__Instructions to follow__: Within the records below, find the line with "300平方米大平层cad平面图" and the line with "Victoria’s Secret Halter", then reproduce exactly those two lines and all lines between them, without any picture.

*** Opening of Data shown ***

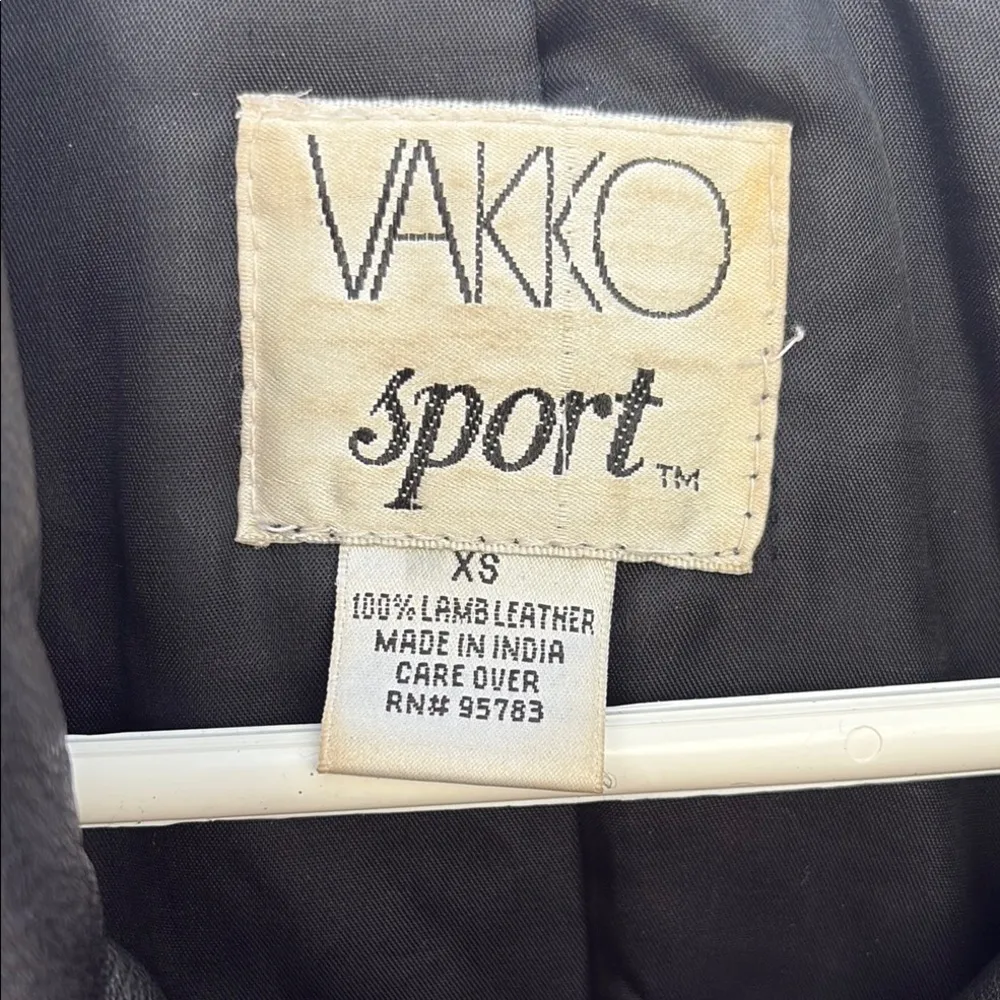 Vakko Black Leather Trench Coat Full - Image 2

*** Close of Data shown ***
*** Opening of Data shown ***

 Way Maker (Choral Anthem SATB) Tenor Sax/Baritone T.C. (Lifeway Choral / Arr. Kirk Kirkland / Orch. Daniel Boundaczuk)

*** Close of Data shown ***
*** Opening of Data shown ***

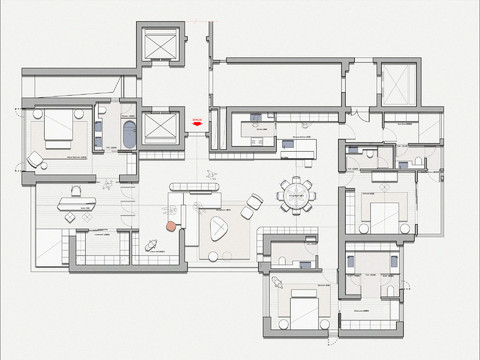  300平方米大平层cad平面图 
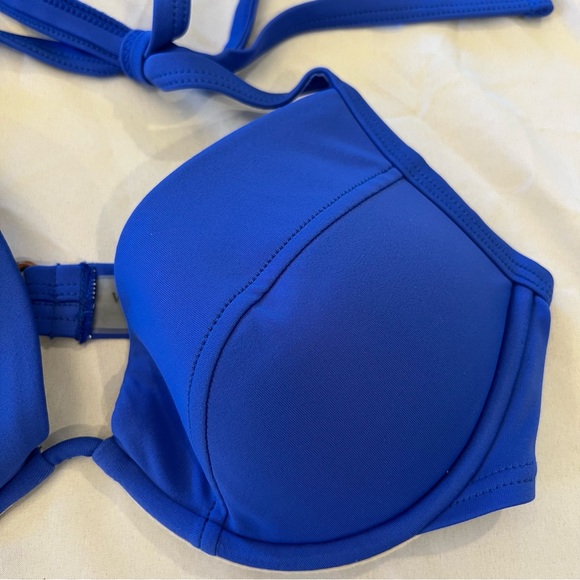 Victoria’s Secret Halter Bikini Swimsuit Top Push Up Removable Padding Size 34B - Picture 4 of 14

*** Close of Data shown ***

__Final answer__:
  300平方米大平层cad平面图 
 Victoria’s Secret Halter Bikini Swimsuit Top Push Up Removable Padding Size 34B - Picture 4 of 14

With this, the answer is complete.